---- Exercise inputs

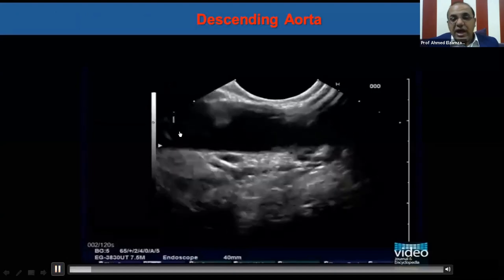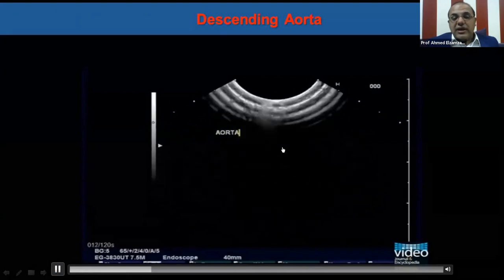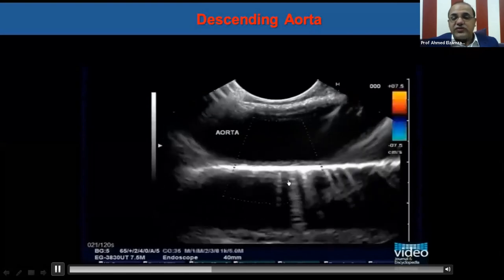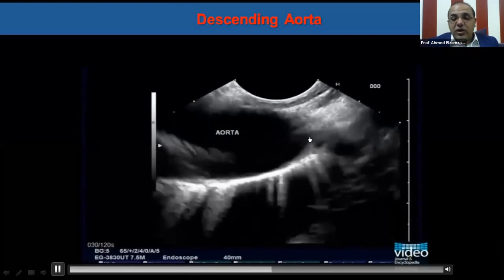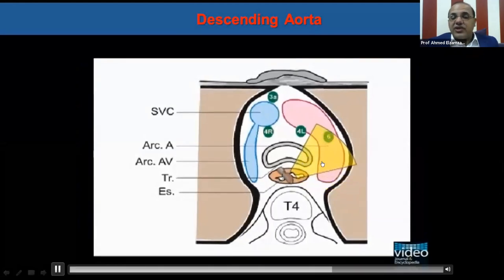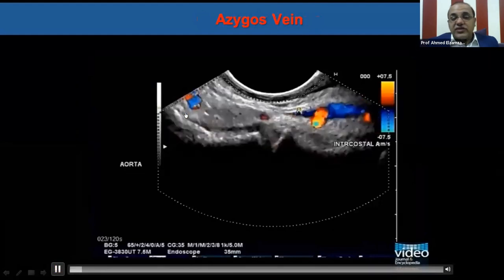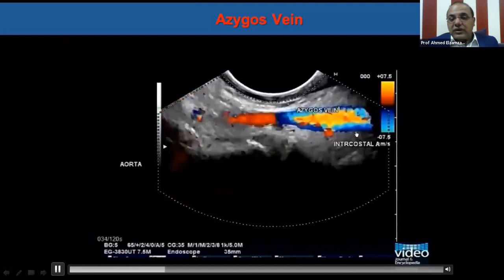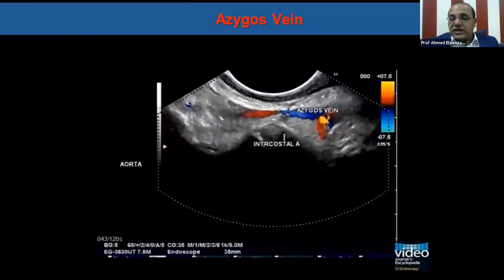This video shows the descending aorta and the gastroesophageal junction. We withdrew the scope more and more until we reach its upper end point, where we can do clockwise rotation to trace the arch of the aorta and its branches — left common carotid and left subclavian artery. This video shows the azygous vein, which extends from 40 centimeters to 25 centimeters, ascending close and parallel to the esophagus, where it arches above the right root of the lung to join the superior vena cava.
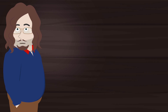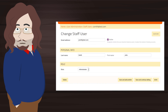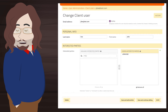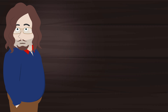With 50 lines of code in the admin.py, we have the interface for staff users — note the role field — as well as the interface for client users — note the interested party selection. The details will be covered in a tutorial.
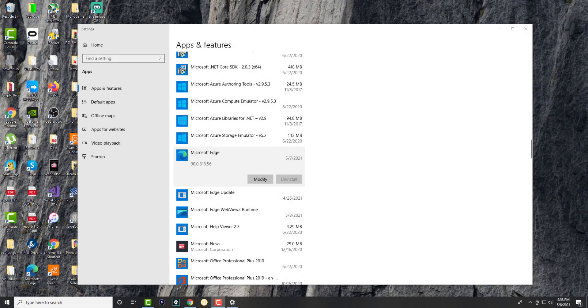What is up everyone, this is MoeTutorials here and today I'm going to show you how to uninstall Microsoft Edge from your computer or Windows 10 device. So let's get right into this.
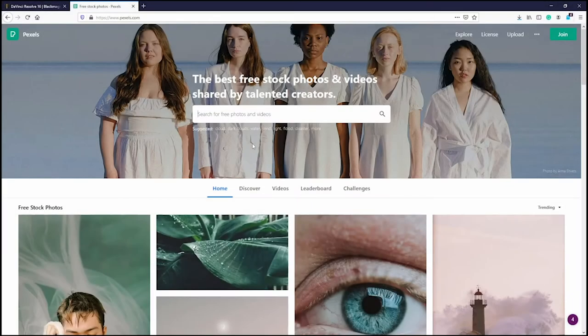In terms of finding videos to use for your edit, there are a lot of different options. You can use stock footage websites, you can use YouTube, and archive.org is another favorite.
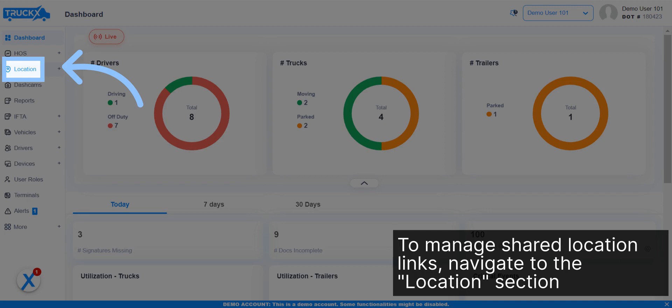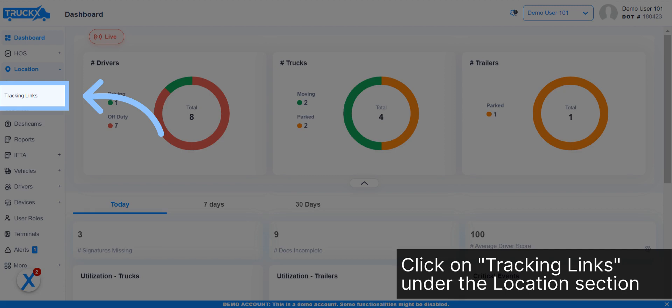To manage shared location links, navigate to the Location section. Click on Tracking Links under the Location section.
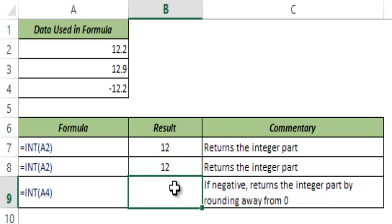The behavior changes a bit when you have a negative number. So if this is the number minus 12.2, let's see what happens.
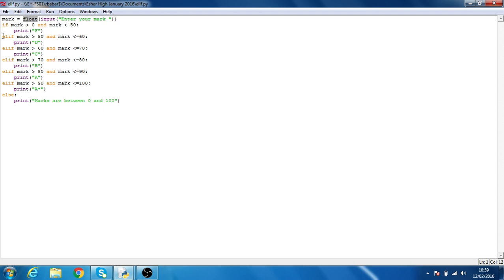The else statement basically tells you that marks are between 0 and 100.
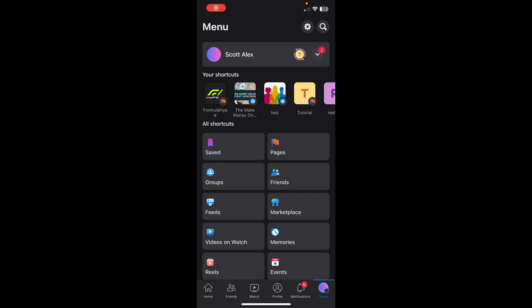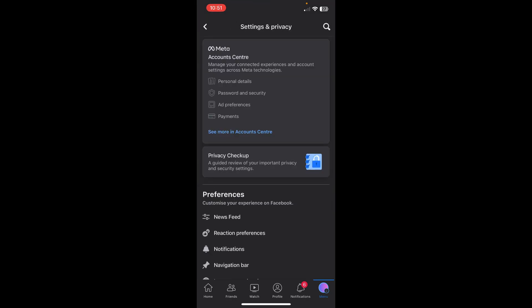Hi everyone, in today's video I'm going to show you how to delete a Facebook account without email or password. The first step is to go to your Settings and then go to Account Center.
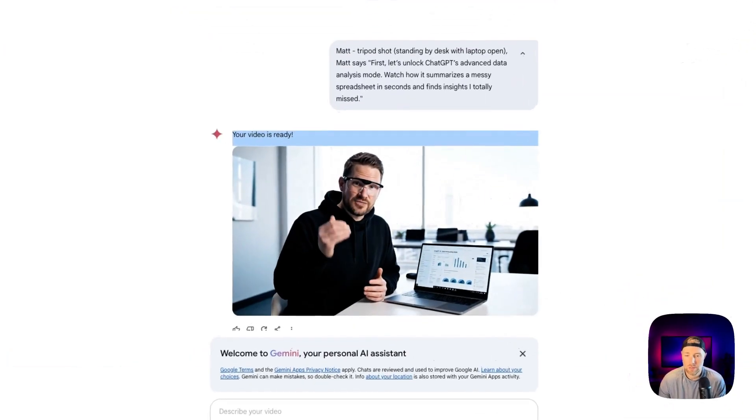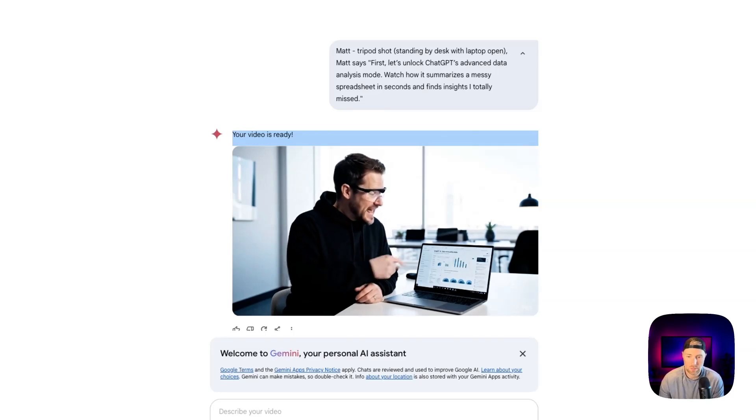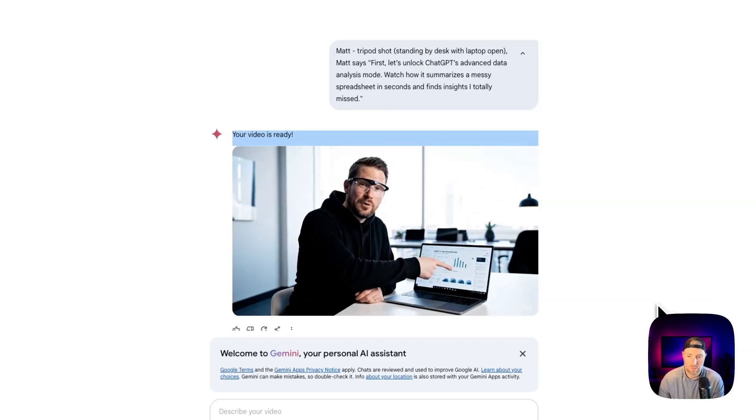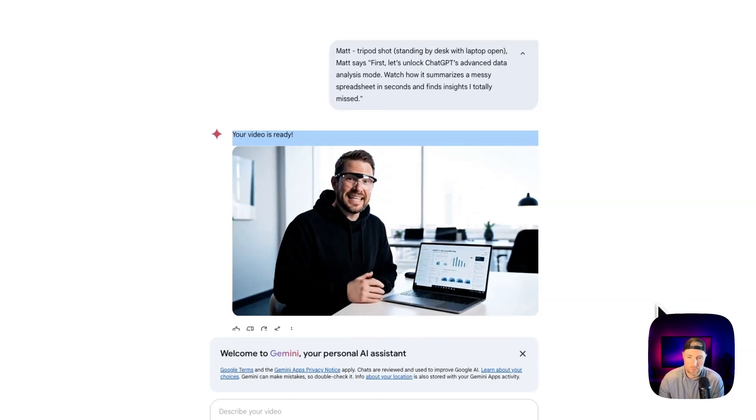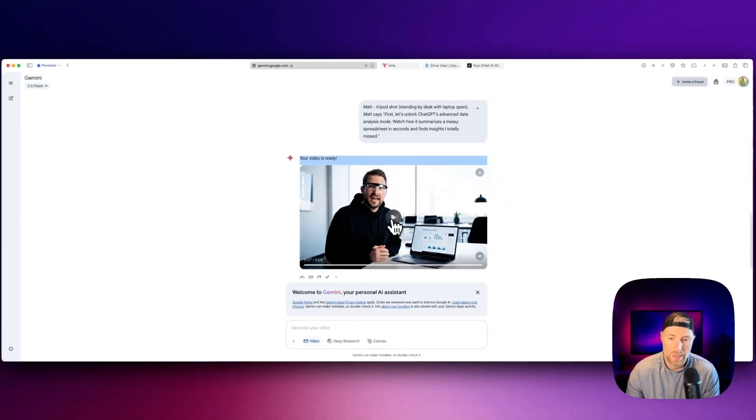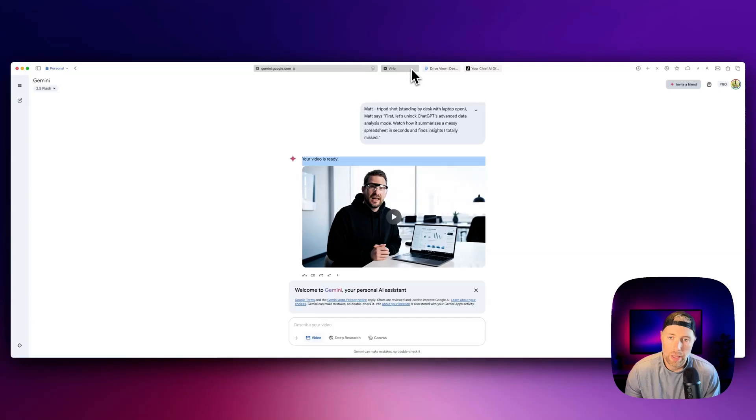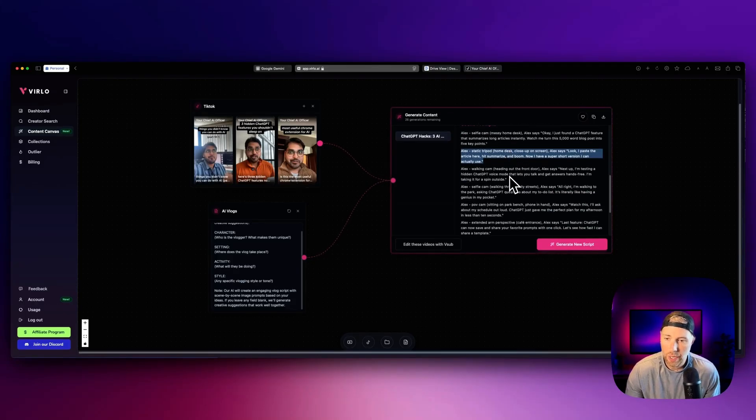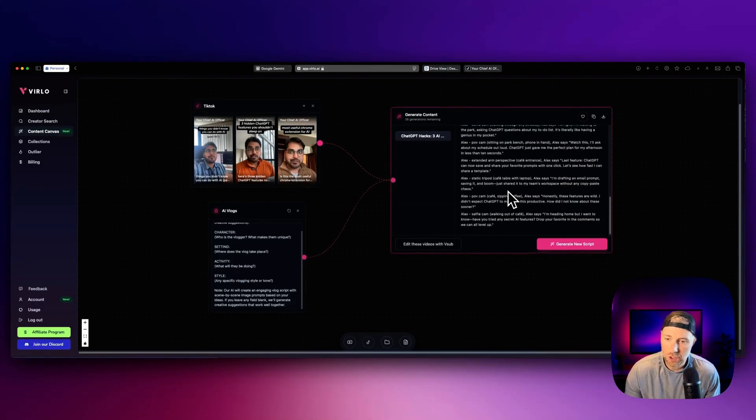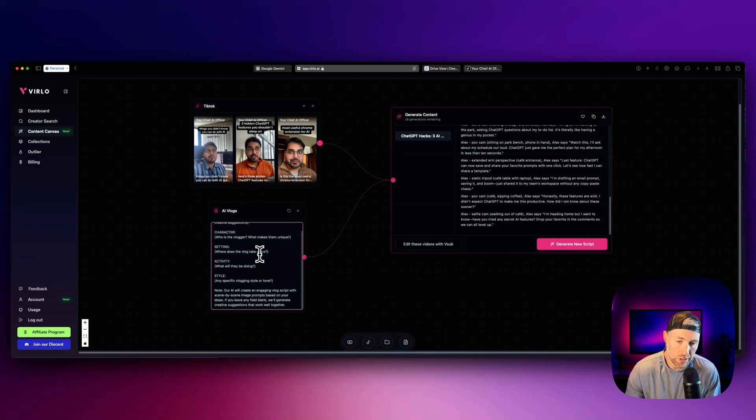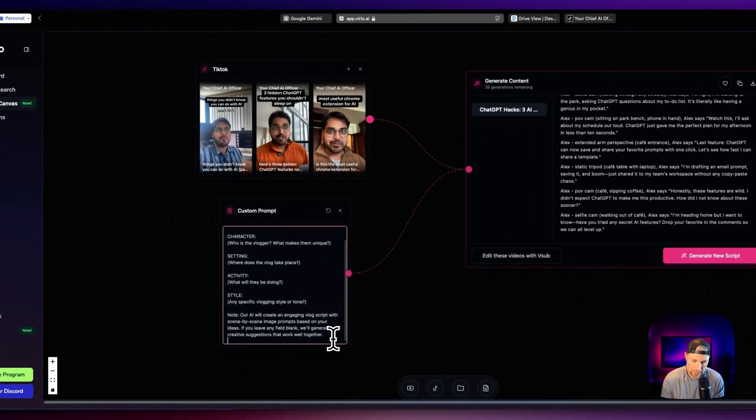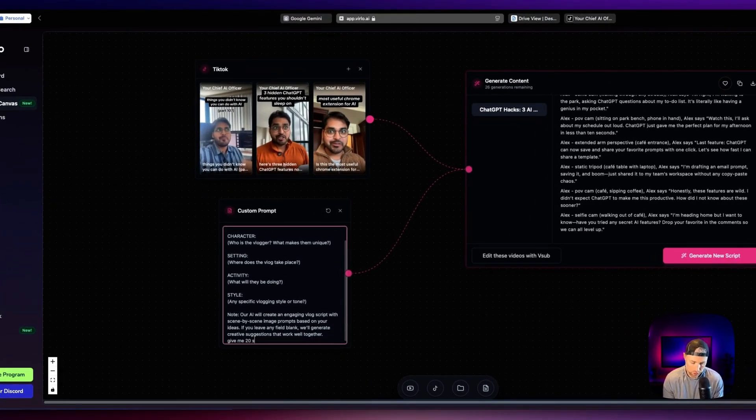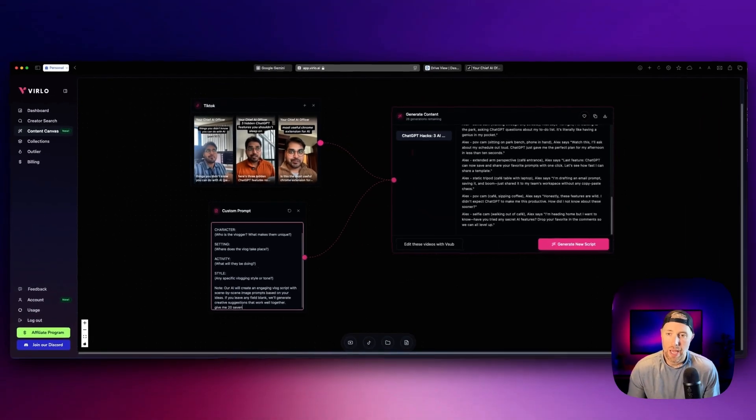And we have this prompt. Let's see how this turned out. It can analyze spreadsheets, create charts, and even help you understand complex data sets in seconds. Now you can do this as many times as you would like. We got a large number of scene prompts here, but if you need more than this, you can simply say here in this AI vlogs, give me 20 scene prompts.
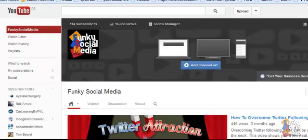Hi there, it's Mark from Funky Social Media and in this very quick video I just want to show you how to enable channel comments so that the public can comment on your YouTube channel.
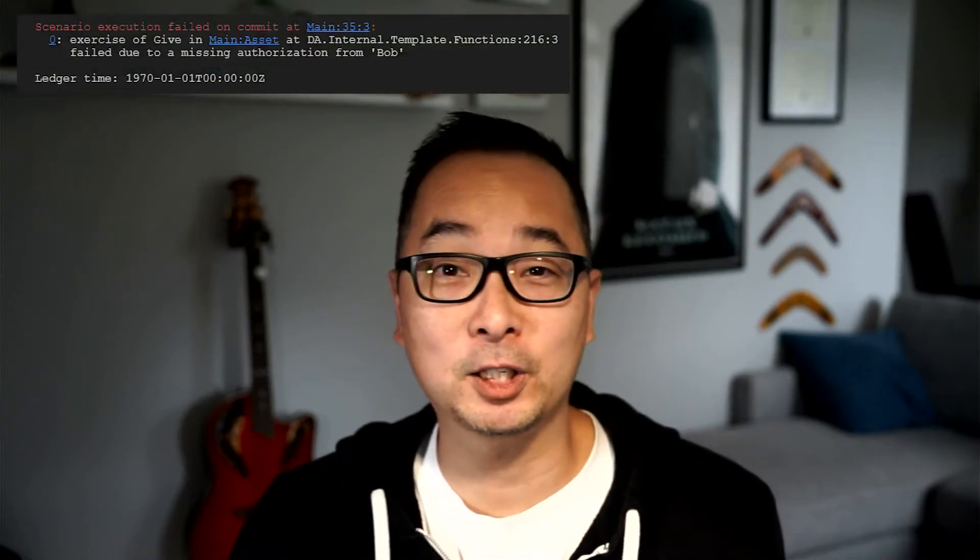Hi, this is Steve Siao from Digital Asset. It's very common to run into the missing authorization from Bob error. Now to understand these sort of errors, we need to understand the roles of parties in Daml, specifically the signatory, the controller, the observers.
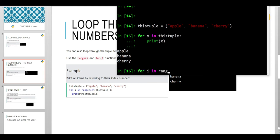To do this, we have for i in range length this tuple. This is what the for loop will do.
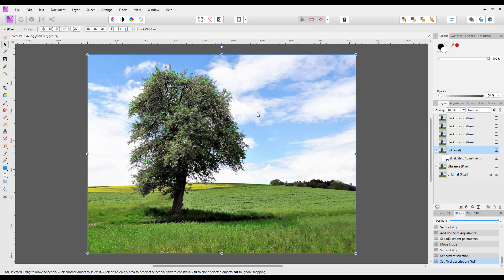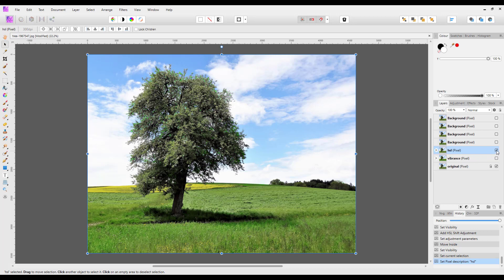Much like before, if there was any green in the sky — or any area you didn't want affected — the adjustment has a layer mask attached, so you can get the paintbrush, paint over that area, and it won't be affected by the adjustment.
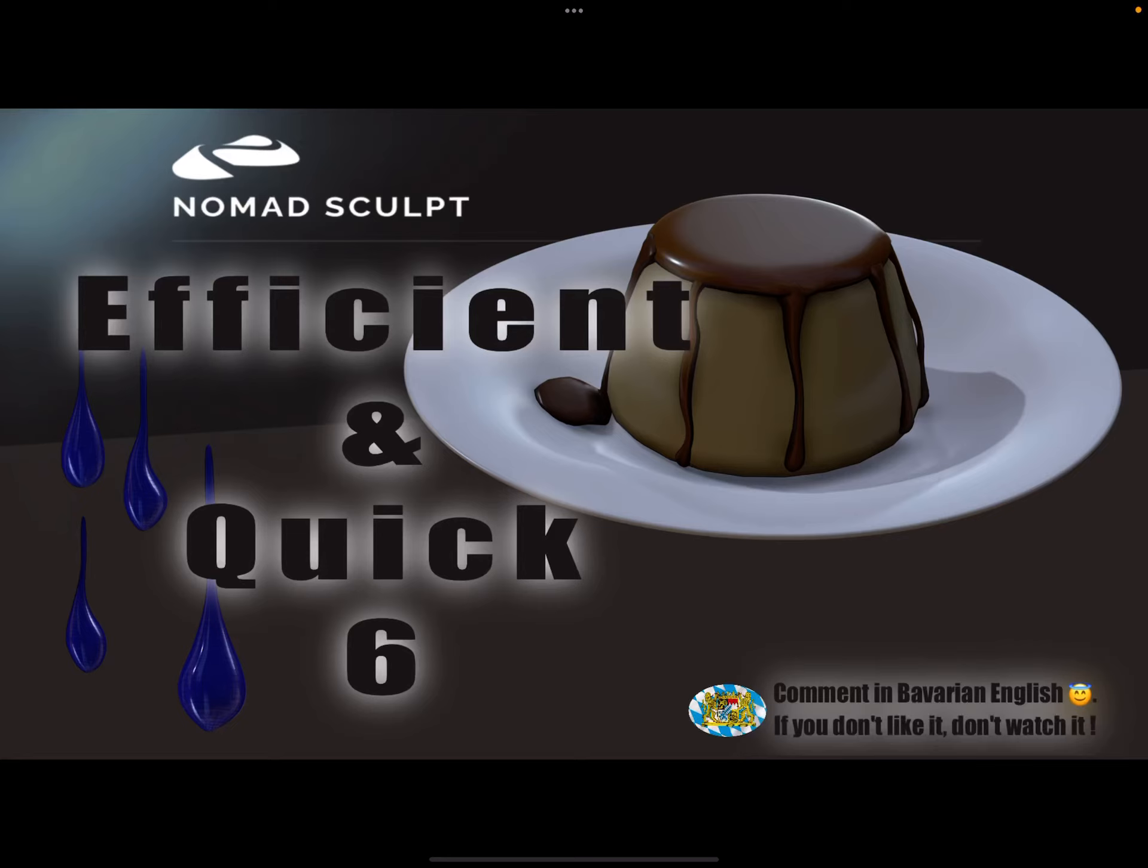Hello, Nomad Sculpt efficient and quick part six. Let's sculpt quick water drops or a syrup effect, or melting wax.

--------

Your answer must be the lines from the one holding "The else statement" through the final line of the records above, exactly as written and without any pictures.

The else statement basically tells you that marks are between 0 and 100.
Hi everyone, in today's video I'm going to show you how to delete a Facebook account without email or password. The first step is to go to your Settings and then go to Account Center.
And we have this prompt. Let's see how this turned out. It can analyze spreadsheets, create charts, and even help you understand complex data sets in seconds. Now you can do this as many times as you would like. We got a large number of scene prompts here, but if you need more than this, you can simply say here in this AI vlogs, give me 20 scene prompts.
Hi there, it's Mark from Funky Social Media and in this very quick video I just want to show you how to enable channel comments so that the public can comment on your YouTube channel.
Hi, this is Steve Siao from Digital Asset. It's very common to run into the missing authorization from Bob error. Now to understand these sort of errors, we need to understand the roles of parties in Daml, specifically the signatory, the controller, the observers.
To do this, we have for i in range length this tuple. This is what the for loop will do.
Much like before, if there was any green in the sky — or any area you didn't want affected — the adjustment has a layer mask attached, so you can get the paintbrush, paint over that area, and it won't be affected by the adjustment.
Hello, Nomad Sculpt efficient and quick part six. Let's sculpt quick water drops or a syrup effect, or melting wax.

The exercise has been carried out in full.